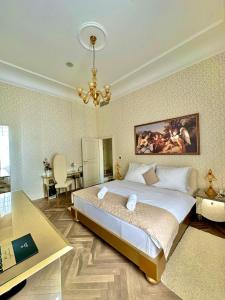Voodi või voodid majutusasutuse Art Hotel Kaštieľ toas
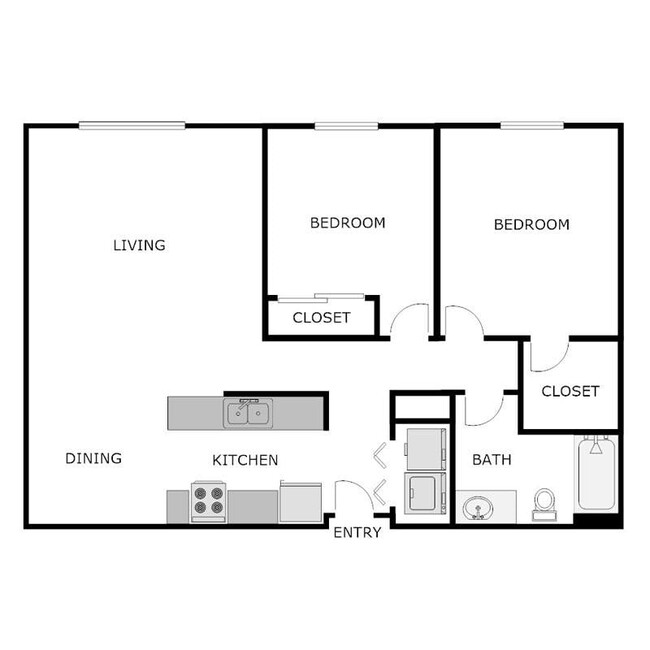 Floorplan - EAST WOODS APARTMENTS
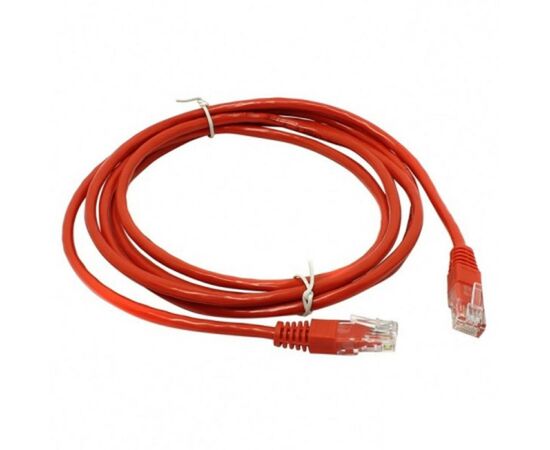 Патч-корд 0.5м, UTP, cat.5e, CU, 24AWG, red Kingda (KD-PAUT3050RD)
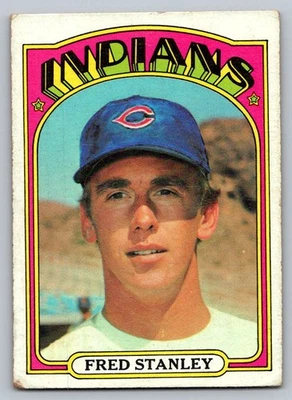 1972 Topps Fred Stanley #59 - Cleveland Indians - Image 1 of 2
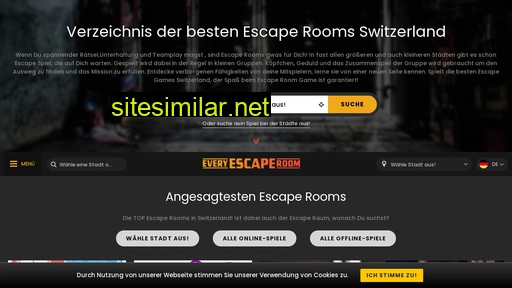Everyescaperoom similar sites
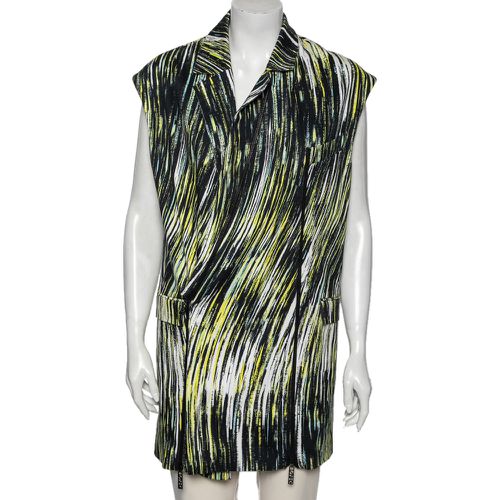 Kenzo Multicolor Printed Cotton Zip Detail Long Sleeveless Jacket S - Kenzo - Modalova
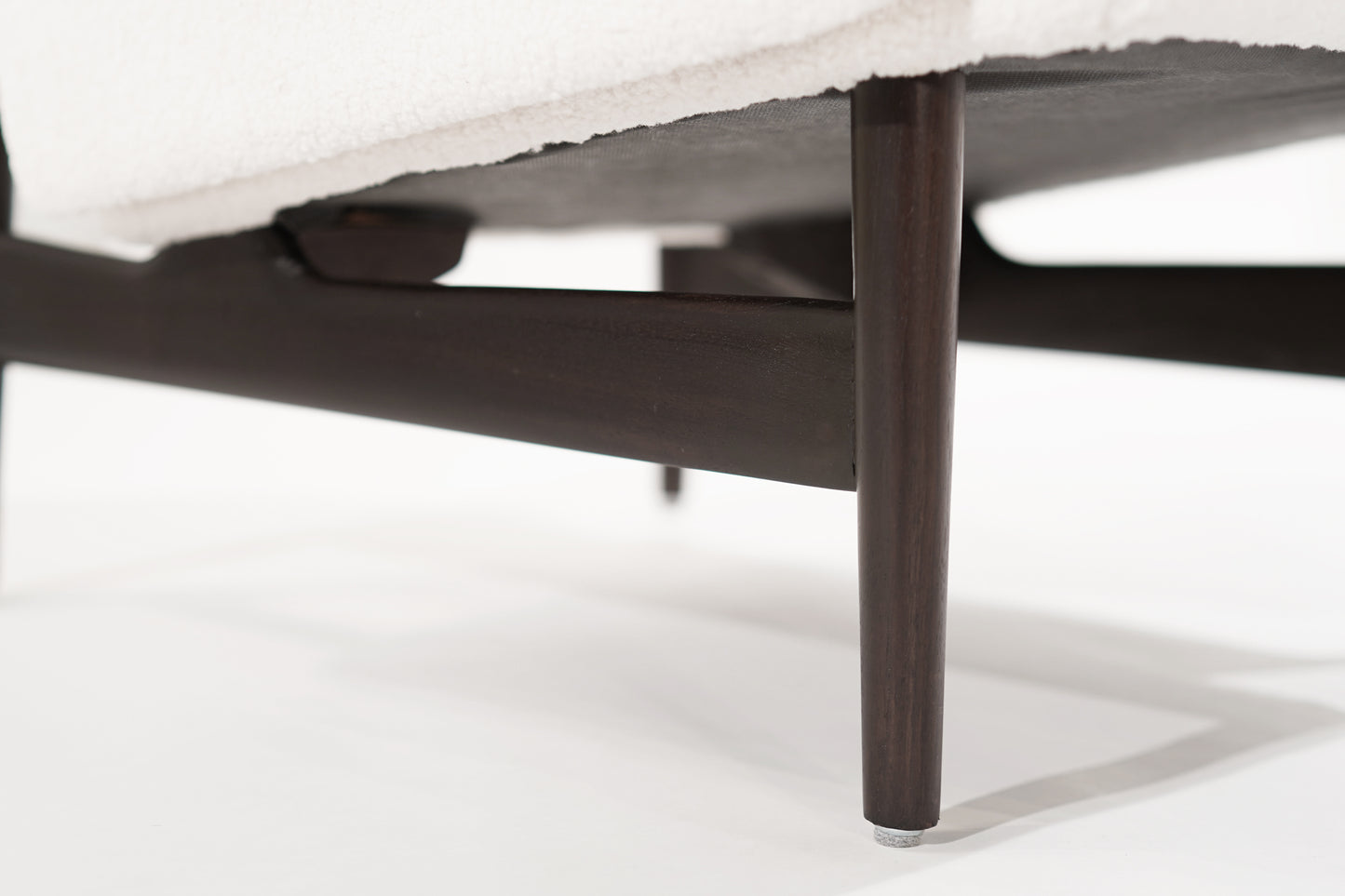 Scandinavian-Modern Lounge Chairs in Wool, 1950s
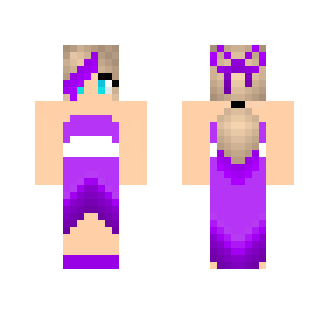 Purple Dress - Female Minecraft Skins - image 2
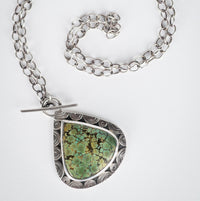 Osaka Hubei Turquoise Toggle Necklace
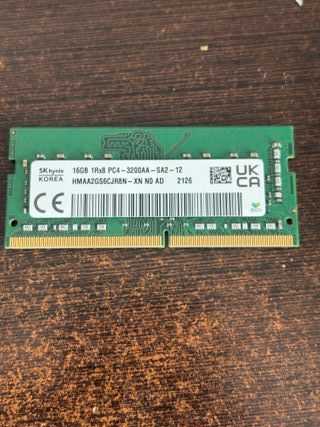 SK hynix 16GB DDR4 SO-DIMM PC4-3200AA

☆ ☆ ☆

> Work request:
Transcribe all data precisely. Pictures are not copied.

> Result:
Voodi või voodid majutusasutuse Art Hotel Kaštieľ toas
 Floorplan - EAST WOODS APARTMENTS
 Патч-корд 0.5м, UTP, cat.5e, CU, 24AWG, red Kingda (KD-PAUT3050RD)
 1972 Topps Fred Stanley #59 - Cleveland Indians - Image 1 of 2
Everyescaperoom similar sites
 Kenzo Multicolor Printed Cotton Zip Detail Long Sleeveless Jacket S - Kenzo - Modalova
 Scandinavian-Modern Lounge Chairs in Wool, 1950s
 Purple Dress - Female Minecraft Skins - image 2
 Osaka Hubei Turquoise Toggle Necklace
 SK hynix 16GB DDR4 SO-DIMM PC4-3200AA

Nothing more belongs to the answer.